Which blood vessels are associated with the vascular pole of the glomerulus?
Afferent arteriole (blood enters), efferent arteriole (blood exits).
How is ultrafiltration achieved at the glomerulus?
Blood pressure forces blood through the filtration barrier (fenestrated endothelium, glomerular basement membrane, podocyte foot processes) to produce ultrafiltrate into the urinary space; ultrafiltrate enters the proximal convoluted tubule.
What are the three components of the filtration barrier?
Endothelium of glomerular capillaries, glomerular basement membrane (lamina rara interna, lamina densa, lamina rara externa), and podocytes with pedicels.
How is urine formed?
Primary glomerular filtrate is produced by ultrafiltration of blood in the renal corpuscle; reabsorption of water, Na+, glucose, amino acids; tubular secretion of K+, H+, NH4+, bile salts, drug metabolites.
What are the functions of mesangial cells?
Phagocytic, contractile, and provide support.
What are the three main regions of the renal tubules?
Proximal tubule, thin descending and thick ascending limb of Henle’s loop, and distal convoluted tubule.
What are the key characteristics of the proximal convoluted tubule?
Single layer of cuboidal epithelial cells with microvilli, basement membrane, highly metabolically active with mitochondria, Na+/K+ pumps, aquaporins, peroxisomes, endosomes and lysosomes
What substances are resorbed in the proximal convoluted tubules?
Resorb glucose, Na+/H2O, amino acids, peptides, and low molecular weight proteins.

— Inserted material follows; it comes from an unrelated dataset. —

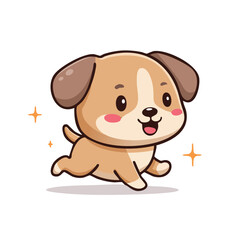 Obraz premium Minimal Flat Vector of a Happy Puppy Running with Bold Black Outline and No Gradient in a Clean and Simple Design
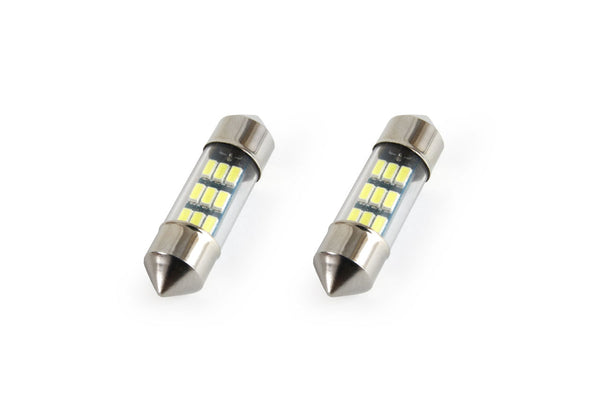 Set becuri auto cu LED sofit compatibil C5W 9 SMD 31mm Alb 12V, destinat competitiilor auto sau off-road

What types of epithelium line the Loop of Henle?
Cuboidal epithelium (thick descending/ascending) and squamous epithelium (thin segment).
What are the key characteristics of the distal convoluted tubule?
Site of action of aldosterone and contains specialized chemoreceptor cells of the macula densa.
What are the main features of the collecting ducts?
Connect distal convoluted tubule to renal papillae/crest; site of action of antidiuretic hormone (ADH).
What is the function of the two cell types found within the collecting ducts?
Principal cells reabsorb Na and H2O, while intercalated cells participate in acid-base balance.
What are papillary ducts?
Terminal portion of collecting ducts that empty at the area cribrosa of the renal crest or papilla.
Describe the renal vasculature.
Renal artery, interlobar artery, arcuate artery, interlobular artery, afferent arteriole, glomerulus, efferent arteriole, peritubular capillaries, vasa recta, intralobular vein, interlobular vein, arcuate vein.
What are the two components of the juxtaglomerular apparatus?
Macula densa cells (DCT) sense Na+ concentrations, juxtaglomerular cells (afferent/efferent arteriole) detect blood pressure variations and secrete renin.
What are the general layers of tubular organs?
Lamina mucosa/epithelium, lamina propria, lamina muscularis, tunica submucosa, tunica muscularis, tunica serosa/adventitia.
What are the layers of the ureters?
Tunica mucosa (transitional epithelium), tunica submucosa (lamina propria), tunica muscularis (3 smooth muscle layers), tunica adventitia.
What are the layers of the urinary bladder?
Tunica mucosa (urothelium/transitional epithelium), tunica submucosa, tunica muscularis (3 smooth muscle layers), tunica serosa/adventitia.
What are the three stages of renal development?
Pronephros (regresses), mesonephros (forms nephrons early, mesonephric duct retained in males), metanephros (forms adult kidney).